Pernyataan salah satu anggota DPR yang menyatakan bahwa jika pemerintah ingin mengesahkan UU Perampasan Aset harus melobi ketua partai politik terlebih dahulu bukan sekedar komentar tentang taktik politik, secara implisit ia mengungkapkan struktur kekuasaan yang menggeser legitimasi kekuasaan rakyat ke partai. Jika legislasi tidak merepresentasikan kepentingan rakyat tetapi realitasnya pengambilan keputusan berdasarkan restu ketua partai tentunya hal ini menciderai kedaulatan rakyat, keputusan diambil berdasarkan transaksi elite partai bukan kepentingan rakyat.
Adriann Bedner (2007) menyatakan, Prinsip rule of law atau negara hukum kini telah diputarbalikkan menjadi rule by law, dalam sistem ini hukum dijadikan alat kekuasaan politik bukan lagi sebagai pembatas kekuasaan penguasa. Peraturan hukum dapat disahkan secara singkat jika ada kepentingan politik tertentu namun hukum pidana dapat saja digunakan untuk menekan lawan politik yang bersebrangan.

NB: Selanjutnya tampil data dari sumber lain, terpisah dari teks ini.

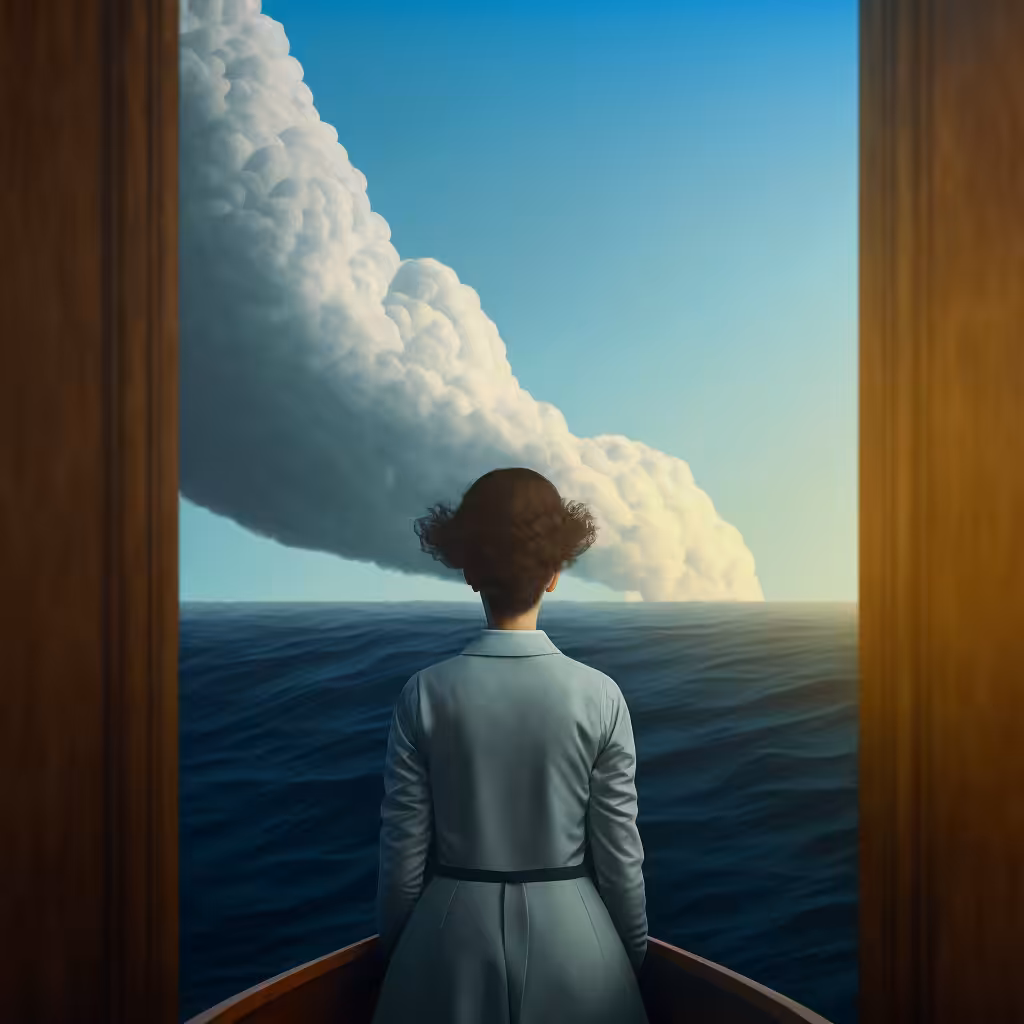 Rene Magritte perspective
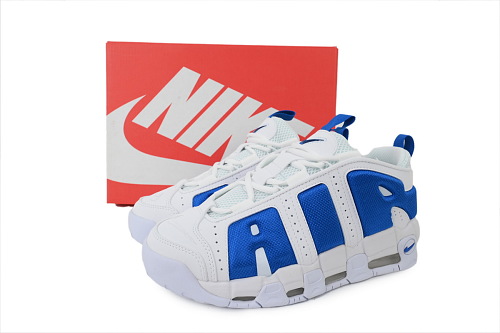 PKGoden Air More Uptempo Low White Hyper Royal FZ3055-101
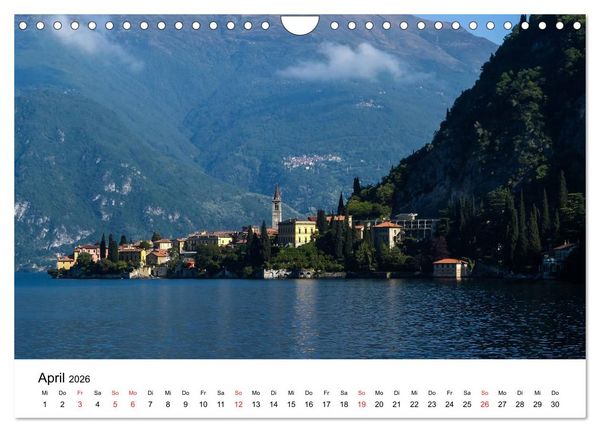 Produktbild: Impressionen vom Comer See (Wandkalender 2026 DIN A4 quer), CALVENDO Monatskalender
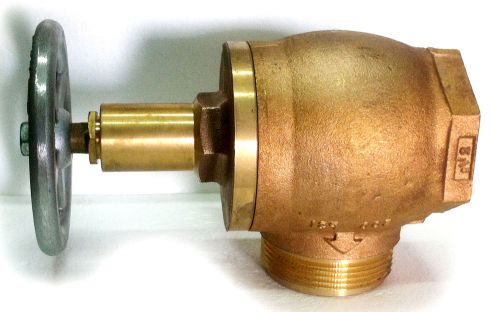 Powhatan 18-157, angle fire hose valve - 500 psi new york city board of standard for sale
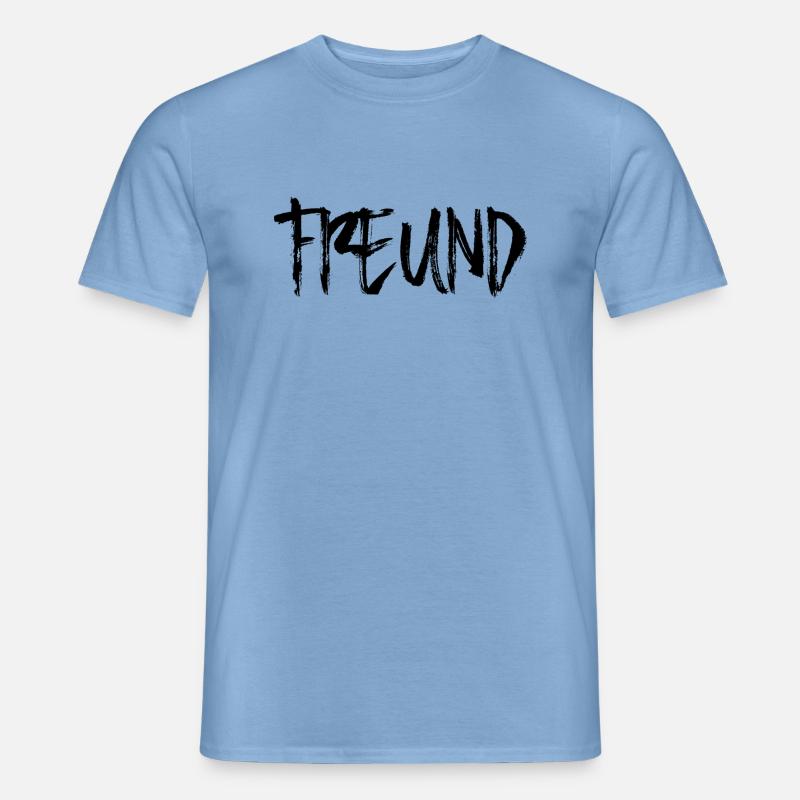 Freund - Männer T-Shirt - Carolina Blue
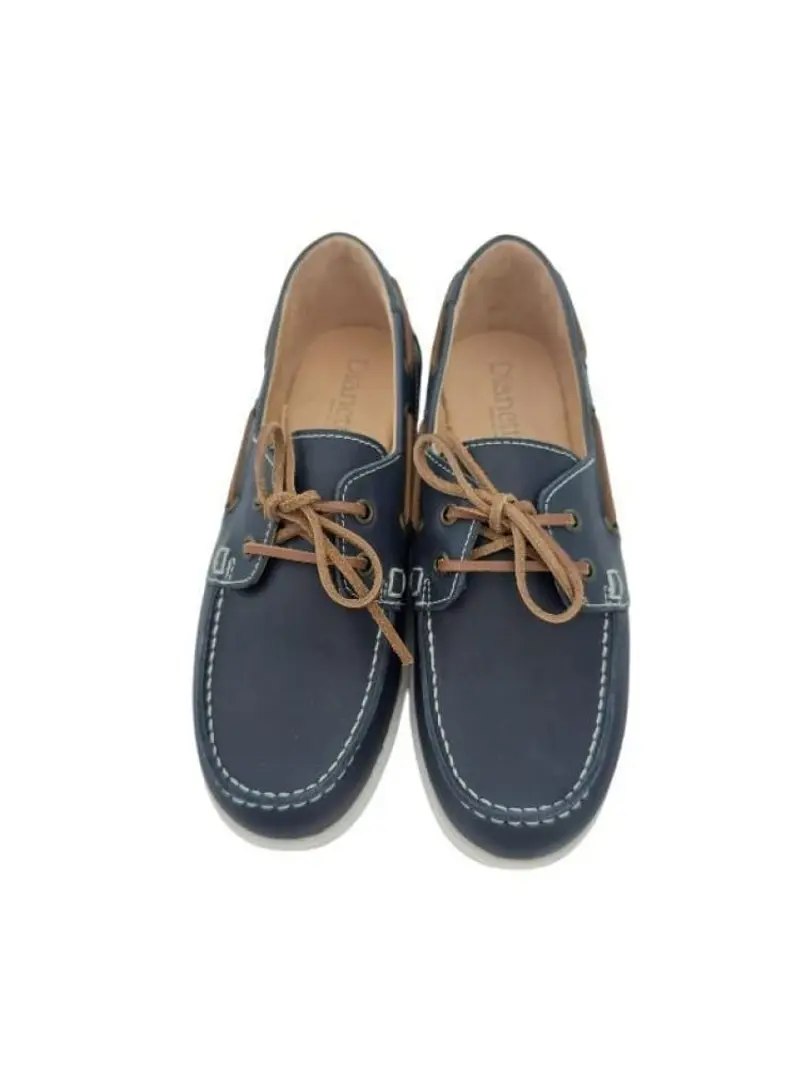 Dianetti mocassino blu navy bambino in pelle con lacci miniatura 2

Hukum tunduk pada kepentingan elite dan oligarki. Realitas inilah yang yang menjelaskan mengapa Rancangan Undang-Undang Perampasan Aset masih terhenti di Parlemen. 

*Integritas Aparat Penegak Hukum*
Rancangan Undang-Undang Perampasan Aset menimbulkan dua pandangan yang berbeda, disatu sisi UU ini dianggap sebagai regulasi alat yang sangat baik bagi pemberantasan korupsi di Indonesia, karena praktiknya nanti perampasan aset hasil korupsi dapat dilaksanakan tanpa menunggu vonis pidana. Namun, disisi lain ada kekhawatiran yang mempertanyakan apakah aparat penegak hukum di negara kita sudah siap atau justru UU ini dijadikan sebagai alat peras atau bahkan alat tawar menawar politik.
Jika dijalankan dengan sistem hukum yang bersih Undang-Undang Perampasan Aset adalah alat untuk menegakkan Rule of Law di Indonesia, namun jika aparat penegak hukum masih terlibat dalam praktik korupsi Undang-Undang hanya dijadikan kedok penguasa untuk melegitimasi tindakannya demi kepentingan pribadi atau golongannya.
Oleh karena itu, dasar moral dan etika harus dipegang oleh penegak hukum. Kuncinya adalah integritas, tanpa integritas penegakan hukum hanya akan menjadi alat penindasan semata karena hukum akan kehilangan moralnya. Sebaik apapun regulasi dan seideal apapun undang-undang tanpa integritas aparat penegak hukum maka regulasi tersebut hanya akan sia-sia.

*Ujian Besar Bagi Pemerintah*
Terhentinya pembahasan RUU Perampasan Aset merupakan bukti nyata kegagalan pemerintah. Setiap tahun negara harus kehilangan uang rakyat senilai triliunan rupiah karena belum ada regulasi yang legal untuk merampas hasil korupsi yang pelakunya telah meninggal, belum mendapat vonis atau melarikan diri. Pemerintah menyatakan masih mengkaji secara mendalam mengenai sistem "non-conviction based asset forfeiture" atau proses hukum yang dapat menyita aset kejahatan tanpa memerlukan putusan pidana dari pemilik aset. Sedangkan DPR menyatakan bahwa mereka masih menunggu usulan draft dari pemerintah. Saling lempar tanggung jawab antara Pemerintah dan DPR mengindikasikan apakah hanya masalah teknis yang menjadi penghambat ataukah ada kepentingan lain?
Pemberantasan korupsi bukan hanya sekedar penangkapan dan memamerkan jumlah aset yang disita tetapi soal merubah sistem yang benar-benar tidak meberikan toleransi terhadap korupsi. Jika pemerintah bersungguh-sungguh mereformasi hukum, Undang-Undang Perampasan Aset adalah salah satu alat yang tepat untuk memulihkan kepercayaan dan hak publik bukan hanya menjadi simbol tanpa substansi atau janji reformasi hukum belaka.
Setiap hari setiap bulan setiap tahun bahkan setiap dekade Undang-Undang Perampasan Aset ditunda, uang rakyat akan hilang dan koruptor akan bebas menyembunyikan hasil kejahatannya. Rakyat kini melihat dan rakyat menanti.